* **Data extract**:
# # #
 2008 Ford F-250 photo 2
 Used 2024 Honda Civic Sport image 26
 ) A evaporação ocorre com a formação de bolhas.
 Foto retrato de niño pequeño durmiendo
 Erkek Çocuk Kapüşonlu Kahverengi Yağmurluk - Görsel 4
# # #
* **What you have to do**: Everything in the listing needs to be duplicated exactly, line for line.

* **Task solution**:
 2008 Ford F-250 photo 2
 Used 2024 Honda Civic Sport image 26
 ) A evaporação ocorre com a formação de bolhas.
 Foto retrato de niño pequeño durmiendo
 Erkek Çocuk Kapüşonlu Kahverengi Yağmurluk - Görsel 4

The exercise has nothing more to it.